**REQUIREMENT**
Take the lines below beginning at the line that has "290 Van Nostrand Avenue, Englewood NJ 07631" and stopping after the line that has "Stylish 2 Bed", and print them exactly as they are, with no other lines.

===== THE DATA =====

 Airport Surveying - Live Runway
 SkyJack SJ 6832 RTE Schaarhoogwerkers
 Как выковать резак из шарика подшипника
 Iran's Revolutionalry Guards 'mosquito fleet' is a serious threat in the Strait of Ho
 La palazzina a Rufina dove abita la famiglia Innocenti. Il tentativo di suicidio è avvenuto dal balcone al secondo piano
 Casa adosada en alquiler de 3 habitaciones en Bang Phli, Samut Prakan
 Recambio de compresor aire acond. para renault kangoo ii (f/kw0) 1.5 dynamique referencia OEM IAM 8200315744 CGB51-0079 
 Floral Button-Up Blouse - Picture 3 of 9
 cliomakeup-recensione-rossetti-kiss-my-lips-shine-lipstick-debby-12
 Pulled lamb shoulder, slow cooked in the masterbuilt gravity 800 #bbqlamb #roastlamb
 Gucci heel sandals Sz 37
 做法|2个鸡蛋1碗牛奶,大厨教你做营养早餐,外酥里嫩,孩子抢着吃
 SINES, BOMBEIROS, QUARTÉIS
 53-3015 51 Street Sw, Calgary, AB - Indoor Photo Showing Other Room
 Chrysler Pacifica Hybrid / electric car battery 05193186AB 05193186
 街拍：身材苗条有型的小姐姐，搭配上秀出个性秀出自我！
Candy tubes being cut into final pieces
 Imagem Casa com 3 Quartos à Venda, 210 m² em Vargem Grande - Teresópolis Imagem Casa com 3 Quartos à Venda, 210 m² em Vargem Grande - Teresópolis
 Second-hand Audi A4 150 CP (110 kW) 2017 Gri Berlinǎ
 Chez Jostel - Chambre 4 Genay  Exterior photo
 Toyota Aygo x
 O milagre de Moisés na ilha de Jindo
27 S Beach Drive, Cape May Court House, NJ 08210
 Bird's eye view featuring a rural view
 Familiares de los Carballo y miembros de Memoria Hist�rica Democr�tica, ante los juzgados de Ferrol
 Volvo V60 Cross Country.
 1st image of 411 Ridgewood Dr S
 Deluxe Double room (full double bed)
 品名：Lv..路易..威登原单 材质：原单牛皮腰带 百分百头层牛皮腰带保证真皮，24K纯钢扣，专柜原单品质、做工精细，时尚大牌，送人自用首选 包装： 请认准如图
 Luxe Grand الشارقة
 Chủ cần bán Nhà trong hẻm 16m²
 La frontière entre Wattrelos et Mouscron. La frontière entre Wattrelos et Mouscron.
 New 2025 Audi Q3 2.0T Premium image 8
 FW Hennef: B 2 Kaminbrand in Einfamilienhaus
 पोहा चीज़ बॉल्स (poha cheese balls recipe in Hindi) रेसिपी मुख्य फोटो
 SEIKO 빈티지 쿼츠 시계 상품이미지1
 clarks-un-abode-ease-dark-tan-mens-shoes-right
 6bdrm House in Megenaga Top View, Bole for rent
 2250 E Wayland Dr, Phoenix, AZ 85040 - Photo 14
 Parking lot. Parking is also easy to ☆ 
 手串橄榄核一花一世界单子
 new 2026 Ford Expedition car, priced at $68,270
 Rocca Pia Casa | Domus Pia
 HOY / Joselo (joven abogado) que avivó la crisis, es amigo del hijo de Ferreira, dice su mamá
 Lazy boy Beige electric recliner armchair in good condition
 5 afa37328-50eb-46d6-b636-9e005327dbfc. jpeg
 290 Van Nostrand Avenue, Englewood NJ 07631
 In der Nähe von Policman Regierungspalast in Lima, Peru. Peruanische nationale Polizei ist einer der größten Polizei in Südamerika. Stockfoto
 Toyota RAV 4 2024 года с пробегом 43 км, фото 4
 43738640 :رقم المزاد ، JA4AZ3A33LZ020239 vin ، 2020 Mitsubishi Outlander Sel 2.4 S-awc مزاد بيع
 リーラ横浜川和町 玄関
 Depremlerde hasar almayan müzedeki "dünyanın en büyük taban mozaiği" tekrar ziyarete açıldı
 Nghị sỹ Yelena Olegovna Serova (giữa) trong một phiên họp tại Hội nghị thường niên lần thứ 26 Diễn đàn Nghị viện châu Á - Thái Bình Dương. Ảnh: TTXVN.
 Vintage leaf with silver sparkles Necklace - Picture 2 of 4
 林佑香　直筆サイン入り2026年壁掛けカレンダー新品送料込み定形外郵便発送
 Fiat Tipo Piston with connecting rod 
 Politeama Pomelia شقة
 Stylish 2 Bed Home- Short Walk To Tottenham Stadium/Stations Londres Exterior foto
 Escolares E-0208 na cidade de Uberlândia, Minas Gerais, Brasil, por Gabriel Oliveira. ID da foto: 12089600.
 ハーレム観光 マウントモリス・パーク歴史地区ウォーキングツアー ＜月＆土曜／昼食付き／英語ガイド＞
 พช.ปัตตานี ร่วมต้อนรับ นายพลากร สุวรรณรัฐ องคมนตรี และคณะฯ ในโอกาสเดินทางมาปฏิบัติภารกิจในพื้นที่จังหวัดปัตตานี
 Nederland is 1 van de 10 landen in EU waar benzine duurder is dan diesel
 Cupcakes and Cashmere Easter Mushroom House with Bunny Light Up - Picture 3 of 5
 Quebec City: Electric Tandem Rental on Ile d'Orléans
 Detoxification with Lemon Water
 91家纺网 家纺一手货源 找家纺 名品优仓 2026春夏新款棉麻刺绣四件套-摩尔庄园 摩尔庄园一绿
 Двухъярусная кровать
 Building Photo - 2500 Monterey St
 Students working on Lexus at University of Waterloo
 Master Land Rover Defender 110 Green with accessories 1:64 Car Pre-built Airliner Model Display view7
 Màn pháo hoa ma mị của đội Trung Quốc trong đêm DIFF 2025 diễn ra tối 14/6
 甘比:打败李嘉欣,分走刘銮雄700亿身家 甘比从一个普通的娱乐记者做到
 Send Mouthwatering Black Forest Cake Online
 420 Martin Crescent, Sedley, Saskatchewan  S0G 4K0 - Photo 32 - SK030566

=====

**FINAL ANSWER**
 290 Van Nostrand Avenue, Englewood NJ 07631
 In der Nähe von Policman Regierungspalast in Lima, Peru. Peruanische nationale Polizei ist einer der größten Polizei in Südamerika. Stockfoto
 Toyota RAV 4 2024 года с пробегом 43 км, фото 4
 43738640 :رقم المزاد ، JA4AZ3A33LZ020239 vin ، 2020 Mitsubishi Outlander Sel 2.4 S-awc مزاد بيع
 リーラ横浜川和町 玄関
 Depremlerde hasar almayan müzedeki "dünyanın en büyük taban mozaiği" tekrar ziyarete açıldı
 Nghị sỹ Yelena Olegovna Serova (giữa) trong một phiên họp tại Hội nghị thường niên lần thứ 26 Diễn đàn Nghị viện châu Á - Thái Bình Dương. Ảnh: TTXVN.
 Vintage leaf with silver sparkles Necklace - Picture 2 of 4
 林佑香　直筆サイン入り2026年壁掛けカレンダー新品送料込み定形外郵便発送
 Fiat Tipo Piston with connecting rod 
 Politeama Pomelia شقة
 Stylish 2 Bed Home- Short Walk To Tottenham Stadium/Stations Londres Exterior foto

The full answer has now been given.